Records provided START

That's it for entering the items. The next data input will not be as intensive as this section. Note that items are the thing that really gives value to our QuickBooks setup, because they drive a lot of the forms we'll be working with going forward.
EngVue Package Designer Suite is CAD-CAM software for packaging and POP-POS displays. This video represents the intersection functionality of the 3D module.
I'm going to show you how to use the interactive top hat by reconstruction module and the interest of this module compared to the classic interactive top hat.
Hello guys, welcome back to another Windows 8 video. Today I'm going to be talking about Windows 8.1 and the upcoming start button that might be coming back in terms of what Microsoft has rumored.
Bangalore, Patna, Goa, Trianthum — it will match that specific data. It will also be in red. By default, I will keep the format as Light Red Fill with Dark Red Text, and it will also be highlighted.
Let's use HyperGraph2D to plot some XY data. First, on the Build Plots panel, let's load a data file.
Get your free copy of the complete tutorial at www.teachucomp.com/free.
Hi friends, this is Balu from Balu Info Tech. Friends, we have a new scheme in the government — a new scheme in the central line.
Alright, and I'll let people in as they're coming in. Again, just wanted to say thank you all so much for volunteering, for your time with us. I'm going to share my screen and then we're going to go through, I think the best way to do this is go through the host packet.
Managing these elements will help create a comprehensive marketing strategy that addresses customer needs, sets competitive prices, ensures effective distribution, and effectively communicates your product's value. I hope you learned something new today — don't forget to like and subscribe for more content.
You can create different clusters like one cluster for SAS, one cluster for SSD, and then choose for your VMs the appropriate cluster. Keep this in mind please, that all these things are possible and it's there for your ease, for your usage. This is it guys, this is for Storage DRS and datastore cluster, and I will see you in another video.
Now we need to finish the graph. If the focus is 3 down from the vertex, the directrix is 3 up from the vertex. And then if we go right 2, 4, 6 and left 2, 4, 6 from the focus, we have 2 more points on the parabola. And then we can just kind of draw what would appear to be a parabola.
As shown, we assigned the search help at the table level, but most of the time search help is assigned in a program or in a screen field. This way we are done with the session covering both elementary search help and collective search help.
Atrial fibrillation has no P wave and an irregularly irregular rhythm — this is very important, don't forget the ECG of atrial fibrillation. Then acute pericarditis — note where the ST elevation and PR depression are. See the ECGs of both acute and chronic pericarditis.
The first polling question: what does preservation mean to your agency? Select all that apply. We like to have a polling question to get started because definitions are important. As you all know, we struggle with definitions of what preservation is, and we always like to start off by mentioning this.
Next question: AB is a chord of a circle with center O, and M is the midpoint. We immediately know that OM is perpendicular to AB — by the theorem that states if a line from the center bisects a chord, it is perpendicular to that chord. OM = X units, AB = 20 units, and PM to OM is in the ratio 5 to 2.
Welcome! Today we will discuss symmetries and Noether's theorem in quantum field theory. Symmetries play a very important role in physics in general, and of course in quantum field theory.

Records provided END

Problem to solve:
Starting with the first line of the records above, give back each line exactly until the line with "EngVue Package Designer" has been given as well.

Exercise output:
That's it for entering the items. The next data input will not be as intensive as this section. Note that items are the thing that really gives value to our QuickBooks setup, because they drive a lot of the forms we'll be working with going forward.
EngVue Package Designer Suite is CAD-CAM software for packaging and POP-POS displays. This video represents the intersection functionality of the 3D module.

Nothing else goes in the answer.